"He’s back! That’s mighty right, British author and researcher Anthony Peake is back with a second book exploring the mysterious hidden world lurking within the non-dominant right hemisphere of each human’s brain. This higher self, variously described as a “sensed presence,” a “hidden observer,” fits in quite well, Peake found, with the description of the immortal Daemon, a guardian spirit of the Stoics and the Platonists of ancient Greek and Roman pagan belief systems. Peake’s book, appropriately enough entitled The Daemon, is a virtual tour de force of thought-provoking and startling revelations in modern neuroscience and quantum physics, with a comprehensive and global exploration of the historical and religious background of a myriad of significant belief systems from the Hawaiian Kahuna philosophy to the Zoroastrians, Sufism, Judaism, Gnosticism, to name but a few isms.

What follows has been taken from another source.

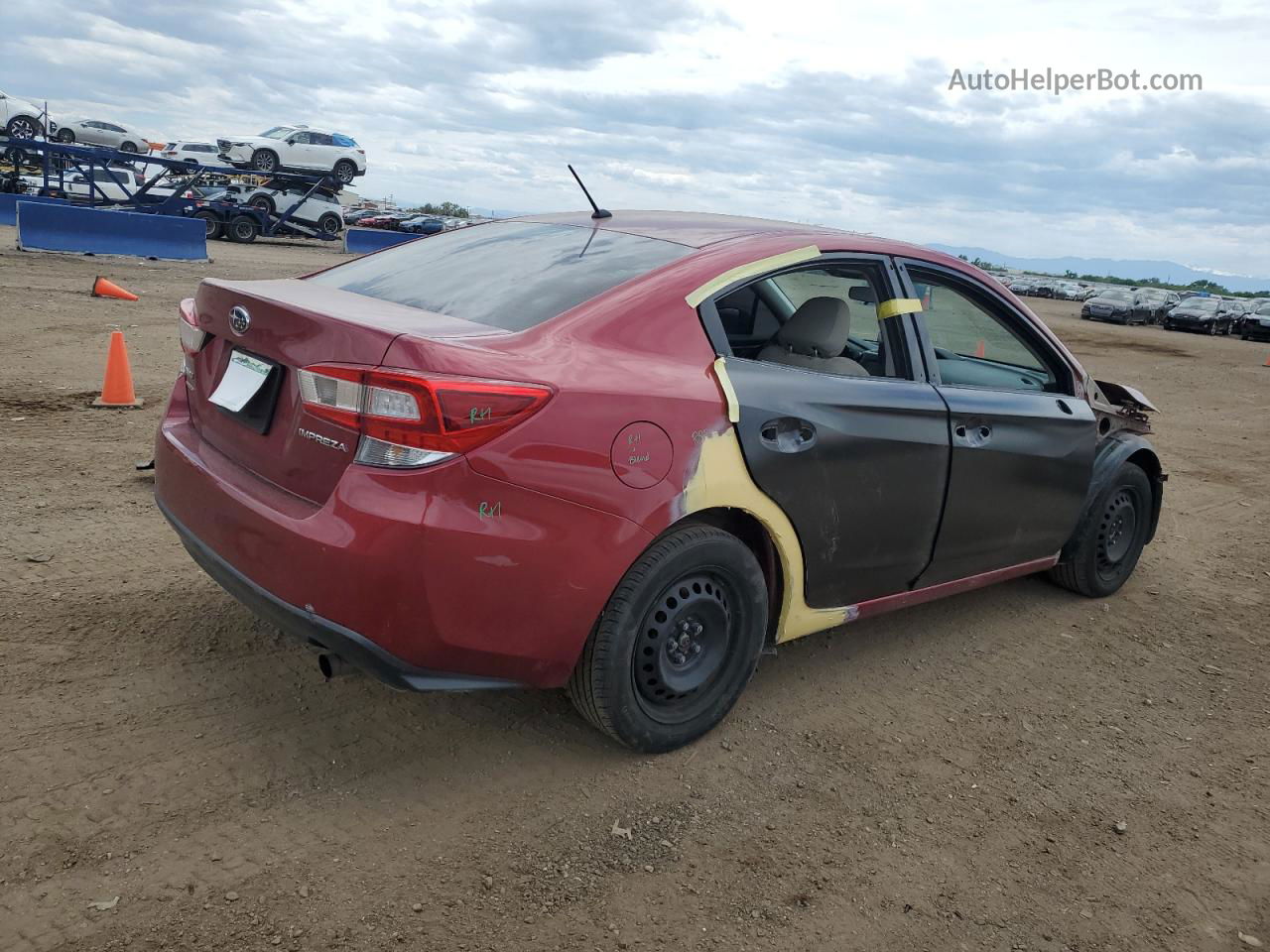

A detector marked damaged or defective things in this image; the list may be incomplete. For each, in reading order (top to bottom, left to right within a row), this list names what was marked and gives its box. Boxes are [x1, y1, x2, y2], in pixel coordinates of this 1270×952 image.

damaged red sedan [154, 214, 1167, 750]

This “higher self” psychologically equates with the unconscious part of the brain (right hemisphere) while the conscious ego-self is the awareness the majority of us are aware of the majority of the time (left hemisphere). To the early Greeks the “daemon” of course was the higher self and the lower conscious self was called the “eidolon.” Peake felt that this ancient concept of daulity identified pretty well the two separate components of consciousness that he came to refer to it as the Daemon-Eidolon Dyad, a concept that seems central to many global spiritual belief systems and isms (as just mentioned) that evolved around the world and have emerged within the field of today’s neuroscience. Peake cites the late psychologist Julian Jaynes’s Bicameral Mind theory as making an important contribution of how this split in consciousness evolved. Furthermore, while Jaynes himself came to research this aspect (as a result of a mysterious voice speaking to him) should also fascinate the reader, as well as the stories of Joan of Arc, Carl Jung’s Philemon, Socrates’ “divine sign,” and a host of many others.
Peake finds connections and data emerging from everywhere. Visionaries, near-death experiencers (check out the Raymond Moody account at the beginning of chapter 8), people with déjà vu, temporal lobe epilepsy, schizophrenia, and even migraines. His Daemon-Eidolon Dyad overlaps and integrates so much material, from so many different backgrounds, that it appears to be a candidate for what scientists call TOE (Theory of Everything). Chapter 6 is entitled “Precognition,” and parapsychologists should want to take heed of its contents. How do these people so often get warnings and previews from their “daemons” about events in their future? And, while many of us are fond of saying that truth is stranger than fiction, you should want to read chapter 10 which reviews the uncanny real life of science fiction master writer Philip K. Dick, whose many writings became such well-known film adaptations as Blade Runner, Total Recall, Minority Report, A Scanner Darkly, and more. Peake reveals how in real life Philip Dick was a prime example of all of the different elements of his Daemon-Eidolon Dyad, though many outside of his fan base are unaware of these matters. (Peake talked quite a bit with me about Dick in my interview with him posted in the December 2007 #119 issue of this magazine; plus you might well also want to read Brad Steiger’s Philip K. Dick’s Phylogenic Memory and the Divine Fire in the November ’07 #118 ish) Dick even experienced a doppelganger (double) of himself it seems. Peake cites various doppelganger accounts in his book, and on a separate but nonetheless, I suspect, significant note Ray Fowler’s book SynchroFile(just mentioned at the beginning of my Reality Checking column) describes a probable doppelganger account in chapter 8 of that book. (Hmmm there’s chapter 8 again!) So indeed the potential connections and data can be found everywhere!